Dalam The White Book, Han Kang mengajak pembaca untuk menjelajahi konsep warna putih sebagai simbol dari kehilangan, harapan, dan refleksi eksistensial.
Berbeda dari buku-bukunya sebelumnya, karya ini lebih menyerupai meditasi puitis, menggabungkan esai pendek, prosa reflektif, dan pengamatan visual dalam sebuah perjalanan batin yang mendalam.
Buku ini berangkat dari pengalaman personal penulis, yakni kematian saudara perempuannya yang meninggal hanya beberapa jam setelah dilahirkan. Kehadiran yang begitu singkat ini meninggalkan jejak mendalam dalam keluarga dan menciptakan ruang kosong yang hanya bisa diisi oleh kenangan yang tak pernah benar-benar ada.
Han Kang memilih warna putih sebagai representasi dari kehilangan ini, mengeksplorasi berbagai benda dan fenomena yang berkaitan dengannya—salju, kain kafan, garam, cahaya bulan—sebagai cara untuk memahami dan merangkum perasaan kehilangan yang tak terungkapkan.
Selain refleksi personal, The White Book juga berbicara tentang sejarah dan trauma kolektif. Setting novel yang berlatar di Warsawa, Polandia, memperkuat tema kehancuran dan rekonstruksi.
Kota ini, yang pernah hancur akibat Perang Dunia II dan kemudian dibangun kembali, menjadi metafora bagi perjalanan manusia dalam menghadapi luka dan kehilangan.
Melalui deskripsi tentang salju yang menyelimuti kota, Han Kang menunjukkan bagaimana sejarah yang kelam tetap dapat menyisakan keindahan dalam bentuk yang lain.
Salju, dalam hal ini, bukan sekadar latar, melainkan simbol dari ketidakberdayaan sekaligus harapan, menyelubungi masa lalu yang menyakitkan dengan kelembutan dan kesunyian.
Tema besar lainnya yang muncul dalam buku ini adalah hubungan antara kehidupan dan kematian. Putih, dalam berbagai budaya, melambangkan awal sekaligus akhir—warna kain kafan yang menutup tubuh yang telah pergi, tetapi juga warna susu yang menandakan kehidupan yang baru lahir.

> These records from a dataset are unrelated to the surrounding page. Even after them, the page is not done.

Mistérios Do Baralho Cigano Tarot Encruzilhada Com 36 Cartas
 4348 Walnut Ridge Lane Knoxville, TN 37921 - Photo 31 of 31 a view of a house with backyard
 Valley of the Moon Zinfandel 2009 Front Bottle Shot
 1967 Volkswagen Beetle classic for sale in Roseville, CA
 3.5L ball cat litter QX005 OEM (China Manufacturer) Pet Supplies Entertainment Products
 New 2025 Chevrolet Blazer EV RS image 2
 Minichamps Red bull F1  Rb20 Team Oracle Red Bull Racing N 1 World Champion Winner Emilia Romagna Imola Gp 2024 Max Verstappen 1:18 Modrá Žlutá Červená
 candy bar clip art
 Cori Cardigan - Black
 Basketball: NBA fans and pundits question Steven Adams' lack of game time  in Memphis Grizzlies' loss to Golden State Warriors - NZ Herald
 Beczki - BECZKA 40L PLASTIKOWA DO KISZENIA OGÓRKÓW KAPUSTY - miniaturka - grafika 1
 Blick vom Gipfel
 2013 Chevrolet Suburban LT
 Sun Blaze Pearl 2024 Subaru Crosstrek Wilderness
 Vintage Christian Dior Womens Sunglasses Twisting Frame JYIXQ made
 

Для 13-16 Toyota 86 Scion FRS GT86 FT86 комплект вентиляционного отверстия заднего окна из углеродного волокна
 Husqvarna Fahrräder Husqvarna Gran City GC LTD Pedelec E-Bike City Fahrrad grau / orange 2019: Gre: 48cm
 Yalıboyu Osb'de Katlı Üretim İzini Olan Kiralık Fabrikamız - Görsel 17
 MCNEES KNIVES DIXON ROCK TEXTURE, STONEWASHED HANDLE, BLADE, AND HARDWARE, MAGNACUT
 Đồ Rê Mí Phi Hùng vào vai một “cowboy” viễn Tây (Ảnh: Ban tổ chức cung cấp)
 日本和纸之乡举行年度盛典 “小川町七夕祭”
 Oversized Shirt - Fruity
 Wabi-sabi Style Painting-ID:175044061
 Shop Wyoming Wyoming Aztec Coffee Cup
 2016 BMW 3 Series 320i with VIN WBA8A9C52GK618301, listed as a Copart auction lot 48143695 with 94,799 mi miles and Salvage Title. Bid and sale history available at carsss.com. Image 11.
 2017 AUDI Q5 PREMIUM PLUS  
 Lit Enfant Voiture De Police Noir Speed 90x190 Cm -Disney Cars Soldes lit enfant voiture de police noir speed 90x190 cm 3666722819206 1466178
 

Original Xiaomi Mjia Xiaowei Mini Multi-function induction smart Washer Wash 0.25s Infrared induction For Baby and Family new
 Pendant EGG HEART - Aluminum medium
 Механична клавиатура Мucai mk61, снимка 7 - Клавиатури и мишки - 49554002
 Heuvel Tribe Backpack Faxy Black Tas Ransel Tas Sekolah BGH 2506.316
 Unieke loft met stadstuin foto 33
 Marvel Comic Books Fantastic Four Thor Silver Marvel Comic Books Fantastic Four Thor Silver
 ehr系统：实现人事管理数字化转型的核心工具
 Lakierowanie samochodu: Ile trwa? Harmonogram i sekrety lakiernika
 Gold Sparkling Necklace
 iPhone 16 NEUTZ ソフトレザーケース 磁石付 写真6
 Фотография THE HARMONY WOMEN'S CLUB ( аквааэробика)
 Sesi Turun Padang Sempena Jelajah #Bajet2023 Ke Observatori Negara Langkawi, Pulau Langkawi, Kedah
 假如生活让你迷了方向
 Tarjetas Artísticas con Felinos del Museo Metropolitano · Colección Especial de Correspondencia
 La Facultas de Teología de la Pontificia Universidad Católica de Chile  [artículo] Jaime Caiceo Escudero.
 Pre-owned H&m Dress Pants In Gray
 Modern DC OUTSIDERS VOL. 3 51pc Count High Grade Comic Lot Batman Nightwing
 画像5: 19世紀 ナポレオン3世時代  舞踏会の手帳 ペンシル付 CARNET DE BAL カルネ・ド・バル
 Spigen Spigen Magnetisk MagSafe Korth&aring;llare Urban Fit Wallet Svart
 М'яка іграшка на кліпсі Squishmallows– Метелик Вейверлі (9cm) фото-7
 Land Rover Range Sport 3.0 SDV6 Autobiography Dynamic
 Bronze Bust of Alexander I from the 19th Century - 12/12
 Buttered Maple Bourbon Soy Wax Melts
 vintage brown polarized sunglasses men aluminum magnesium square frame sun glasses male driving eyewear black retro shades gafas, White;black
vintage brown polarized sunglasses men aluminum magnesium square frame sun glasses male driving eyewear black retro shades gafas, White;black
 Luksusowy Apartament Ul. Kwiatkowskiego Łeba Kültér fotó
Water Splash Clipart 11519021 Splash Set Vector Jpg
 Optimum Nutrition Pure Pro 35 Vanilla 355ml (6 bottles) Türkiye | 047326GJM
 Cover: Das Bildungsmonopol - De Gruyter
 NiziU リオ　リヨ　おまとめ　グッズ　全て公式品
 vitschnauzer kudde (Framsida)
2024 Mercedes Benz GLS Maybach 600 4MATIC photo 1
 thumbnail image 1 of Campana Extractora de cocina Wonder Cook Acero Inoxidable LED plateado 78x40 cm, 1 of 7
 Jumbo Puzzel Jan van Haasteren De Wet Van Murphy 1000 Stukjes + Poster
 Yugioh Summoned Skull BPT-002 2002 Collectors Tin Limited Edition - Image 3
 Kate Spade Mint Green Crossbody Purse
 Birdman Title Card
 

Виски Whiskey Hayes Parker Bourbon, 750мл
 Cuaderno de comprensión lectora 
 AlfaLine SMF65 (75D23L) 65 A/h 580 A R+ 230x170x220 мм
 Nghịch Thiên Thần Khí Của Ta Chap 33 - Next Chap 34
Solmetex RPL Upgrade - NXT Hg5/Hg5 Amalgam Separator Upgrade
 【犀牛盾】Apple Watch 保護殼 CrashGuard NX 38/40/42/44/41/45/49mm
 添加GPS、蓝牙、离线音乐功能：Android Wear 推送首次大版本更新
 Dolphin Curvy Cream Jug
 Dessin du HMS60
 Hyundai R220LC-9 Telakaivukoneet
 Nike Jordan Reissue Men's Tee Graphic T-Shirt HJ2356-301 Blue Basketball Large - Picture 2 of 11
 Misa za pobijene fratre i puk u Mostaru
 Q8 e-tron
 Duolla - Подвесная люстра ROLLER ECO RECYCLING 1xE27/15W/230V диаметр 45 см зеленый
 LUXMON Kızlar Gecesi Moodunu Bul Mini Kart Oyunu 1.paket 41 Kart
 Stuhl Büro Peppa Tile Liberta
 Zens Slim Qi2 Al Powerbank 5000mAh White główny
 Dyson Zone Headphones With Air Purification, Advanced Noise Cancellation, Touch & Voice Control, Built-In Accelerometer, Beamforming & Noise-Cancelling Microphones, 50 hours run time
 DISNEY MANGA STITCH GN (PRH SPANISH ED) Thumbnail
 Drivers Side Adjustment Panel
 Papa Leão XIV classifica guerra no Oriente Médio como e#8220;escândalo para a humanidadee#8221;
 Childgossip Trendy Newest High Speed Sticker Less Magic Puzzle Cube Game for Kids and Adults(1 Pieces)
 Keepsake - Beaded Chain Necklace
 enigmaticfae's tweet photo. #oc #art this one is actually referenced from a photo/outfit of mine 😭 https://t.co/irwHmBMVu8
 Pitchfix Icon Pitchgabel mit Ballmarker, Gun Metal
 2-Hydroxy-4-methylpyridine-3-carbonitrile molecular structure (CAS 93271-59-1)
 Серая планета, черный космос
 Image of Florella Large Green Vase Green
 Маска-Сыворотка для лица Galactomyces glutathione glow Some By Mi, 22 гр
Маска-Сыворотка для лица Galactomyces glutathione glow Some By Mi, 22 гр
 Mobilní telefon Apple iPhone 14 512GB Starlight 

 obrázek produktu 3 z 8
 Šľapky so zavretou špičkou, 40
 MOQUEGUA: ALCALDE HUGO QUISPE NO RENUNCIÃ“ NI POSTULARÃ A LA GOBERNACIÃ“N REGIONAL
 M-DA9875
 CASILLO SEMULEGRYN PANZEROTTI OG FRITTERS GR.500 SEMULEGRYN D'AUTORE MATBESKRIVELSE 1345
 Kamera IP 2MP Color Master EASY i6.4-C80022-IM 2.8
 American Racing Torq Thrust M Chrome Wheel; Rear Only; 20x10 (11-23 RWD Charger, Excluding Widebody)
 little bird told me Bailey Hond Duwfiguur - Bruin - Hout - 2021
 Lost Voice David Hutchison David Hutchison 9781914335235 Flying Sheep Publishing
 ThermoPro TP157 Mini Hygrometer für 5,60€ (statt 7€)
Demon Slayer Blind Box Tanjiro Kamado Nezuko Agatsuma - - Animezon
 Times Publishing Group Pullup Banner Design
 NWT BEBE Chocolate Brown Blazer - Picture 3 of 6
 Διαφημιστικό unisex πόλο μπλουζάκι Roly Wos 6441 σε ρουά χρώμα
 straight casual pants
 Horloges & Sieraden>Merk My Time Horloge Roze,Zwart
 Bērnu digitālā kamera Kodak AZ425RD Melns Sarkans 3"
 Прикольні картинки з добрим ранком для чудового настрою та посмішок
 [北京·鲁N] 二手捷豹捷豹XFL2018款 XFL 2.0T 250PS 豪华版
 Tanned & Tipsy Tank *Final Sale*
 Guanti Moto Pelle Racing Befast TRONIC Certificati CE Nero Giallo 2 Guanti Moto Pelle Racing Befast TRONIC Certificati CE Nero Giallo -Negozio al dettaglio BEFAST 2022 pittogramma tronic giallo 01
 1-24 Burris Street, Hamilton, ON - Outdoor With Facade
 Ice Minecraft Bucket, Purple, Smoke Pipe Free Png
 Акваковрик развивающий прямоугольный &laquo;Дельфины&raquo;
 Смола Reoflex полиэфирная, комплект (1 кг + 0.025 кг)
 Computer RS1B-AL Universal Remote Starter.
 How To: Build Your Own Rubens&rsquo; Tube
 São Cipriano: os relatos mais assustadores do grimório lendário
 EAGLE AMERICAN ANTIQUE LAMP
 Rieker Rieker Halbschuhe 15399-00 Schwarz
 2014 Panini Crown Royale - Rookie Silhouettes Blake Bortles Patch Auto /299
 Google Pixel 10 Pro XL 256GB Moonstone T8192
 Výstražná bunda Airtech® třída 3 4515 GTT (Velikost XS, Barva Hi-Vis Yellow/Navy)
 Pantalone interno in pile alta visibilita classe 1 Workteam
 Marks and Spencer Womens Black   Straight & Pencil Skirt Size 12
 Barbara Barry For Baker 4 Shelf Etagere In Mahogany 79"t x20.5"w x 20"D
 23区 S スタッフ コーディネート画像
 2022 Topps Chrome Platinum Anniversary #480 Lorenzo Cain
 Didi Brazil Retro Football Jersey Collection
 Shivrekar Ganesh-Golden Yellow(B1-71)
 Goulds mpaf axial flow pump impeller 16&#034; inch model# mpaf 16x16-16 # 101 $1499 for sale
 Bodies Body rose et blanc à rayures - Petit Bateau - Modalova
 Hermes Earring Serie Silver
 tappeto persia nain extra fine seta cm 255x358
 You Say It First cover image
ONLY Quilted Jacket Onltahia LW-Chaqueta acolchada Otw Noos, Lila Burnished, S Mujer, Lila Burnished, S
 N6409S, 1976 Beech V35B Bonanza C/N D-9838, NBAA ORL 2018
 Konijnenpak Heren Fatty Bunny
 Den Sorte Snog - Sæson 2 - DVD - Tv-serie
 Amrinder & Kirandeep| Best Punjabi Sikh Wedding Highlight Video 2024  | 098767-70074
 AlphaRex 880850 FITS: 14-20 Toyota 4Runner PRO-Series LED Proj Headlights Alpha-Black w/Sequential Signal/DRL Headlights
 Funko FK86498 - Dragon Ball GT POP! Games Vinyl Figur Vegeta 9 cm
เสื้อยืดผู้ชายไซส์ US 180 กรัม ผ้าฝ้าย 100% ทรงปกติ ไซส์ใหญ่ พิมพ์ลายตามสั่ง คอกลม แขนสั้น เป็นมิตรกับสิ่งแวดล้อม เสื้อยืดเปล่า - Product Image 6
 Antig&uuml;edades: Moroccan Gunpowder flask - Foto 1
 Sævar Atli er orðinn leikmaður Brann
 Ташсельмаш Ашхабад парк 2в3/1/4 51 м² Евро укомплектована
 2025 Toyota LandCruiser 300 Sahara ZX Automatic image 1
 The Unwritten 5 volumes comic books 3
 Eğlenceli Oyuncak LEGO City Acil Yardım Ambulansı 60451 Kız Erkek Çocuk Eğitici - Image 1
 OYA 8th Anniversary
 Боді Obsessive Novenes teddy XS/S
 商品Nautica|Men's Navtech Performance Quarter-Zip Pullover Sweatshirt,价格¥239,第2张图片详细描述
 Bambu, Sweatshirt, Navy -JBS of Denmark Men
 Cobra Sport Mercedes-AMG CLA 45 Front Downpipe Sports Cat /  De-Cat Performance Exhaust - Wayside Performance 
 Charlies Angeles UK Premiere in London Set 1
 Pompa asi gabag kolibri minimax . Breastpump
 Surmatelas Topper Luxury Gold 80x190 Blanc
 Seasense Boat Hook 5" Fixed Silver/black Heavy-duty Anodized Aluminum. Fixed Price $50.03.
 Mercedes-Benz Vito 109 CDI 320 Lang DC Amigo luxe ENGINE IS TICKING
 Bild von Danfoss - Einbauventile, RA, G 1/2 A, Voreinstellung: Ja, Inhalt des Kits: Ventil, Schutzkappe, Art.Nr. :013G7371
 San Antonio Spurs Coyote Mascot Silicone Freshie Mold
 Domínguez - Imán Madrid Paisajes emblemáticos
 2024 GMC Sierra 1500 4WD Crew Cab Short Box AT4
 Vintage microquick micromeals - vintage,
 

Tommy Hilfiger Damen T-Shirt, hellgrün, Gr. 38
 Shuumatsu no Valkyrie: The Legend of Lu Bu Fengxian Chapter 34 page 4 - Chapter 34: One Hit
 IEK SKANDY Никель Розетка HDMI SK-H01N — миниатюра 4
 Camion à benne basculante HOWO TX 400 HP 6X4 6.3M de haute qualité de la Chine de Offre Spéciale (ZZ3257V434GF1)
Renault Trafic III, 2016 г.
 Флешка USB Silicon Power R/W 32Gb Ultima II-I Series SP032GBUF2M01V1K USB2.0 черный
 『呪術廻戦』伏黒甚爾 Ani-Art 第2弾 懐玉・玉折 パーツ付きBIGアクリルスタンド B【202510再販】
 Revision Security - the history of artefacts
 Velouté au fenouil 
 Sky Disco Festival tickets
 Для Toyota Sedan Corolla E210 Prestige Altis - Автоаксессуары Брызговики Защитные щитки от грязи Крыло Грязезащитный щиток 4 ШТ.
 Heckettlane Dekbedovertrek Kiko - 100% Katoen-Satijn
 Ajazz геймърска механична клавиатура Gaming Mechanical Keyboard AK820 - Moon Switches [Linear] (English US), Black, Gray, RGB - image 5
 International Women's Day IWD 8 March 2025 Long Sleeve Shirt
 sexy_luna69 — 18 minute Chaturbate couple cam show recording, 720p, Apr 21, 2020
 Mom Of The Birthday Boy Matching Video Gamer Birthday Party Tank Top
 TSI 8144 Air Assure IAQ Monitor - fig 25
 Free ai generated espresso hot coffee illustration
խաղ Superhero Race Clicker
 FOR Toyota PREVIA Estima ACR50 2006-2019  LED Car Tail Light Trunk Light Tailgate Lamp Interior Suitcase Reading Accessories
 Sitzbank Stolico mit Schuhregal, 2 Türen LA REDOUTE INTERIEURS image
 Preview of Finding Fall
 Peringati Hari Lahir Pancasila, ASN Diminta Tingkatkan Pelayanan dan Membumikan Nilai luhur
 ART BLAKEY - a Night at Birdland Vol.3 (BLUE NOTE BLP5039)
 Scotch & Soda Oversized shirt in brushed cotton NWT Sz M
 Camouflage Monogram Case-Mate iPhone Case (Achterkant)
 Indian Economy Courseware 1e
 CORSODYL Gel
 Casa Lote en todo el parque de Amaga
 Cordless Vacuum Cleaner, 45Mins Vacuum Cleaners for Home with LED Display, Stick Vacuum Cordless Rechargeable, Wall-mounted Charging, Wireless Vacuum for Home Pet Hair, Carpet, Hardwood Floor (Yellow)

Dari caranya menghadirkan kontras ini, Han Kang mengajak pembaca untuk merenungkan bagaimana kehidupan dan kematian tidak pernah benar-benar terpisah, melainkan saling terkait dalam siklus yang tak terhindarkan.
Lebih dari sekadar buku, The White Book adalah pengalaman membaca yang kontemplatif. Han Kang tidak hanya menyajikan narasi, tetapi juga menciptakan ruang bagi pembaca untuk merenungkan pengalaman kehilangan mereka sendiri.
Melalui bahasa yang puitis dan suasana yang hening, buku ini mengajukan pertanyaan mendalam tentang makna kehidupan, ingatan, dan bagaimana manusia bisa menemukan keindahan dalam kesedihan.
Sebuah karya yang mengajak untuk berpikir, bukan hanya tentang apa yang hilang, tetapi juga tentang apa yang masih tersisa dan bagaimana kita bisa terus melangkah ke depan.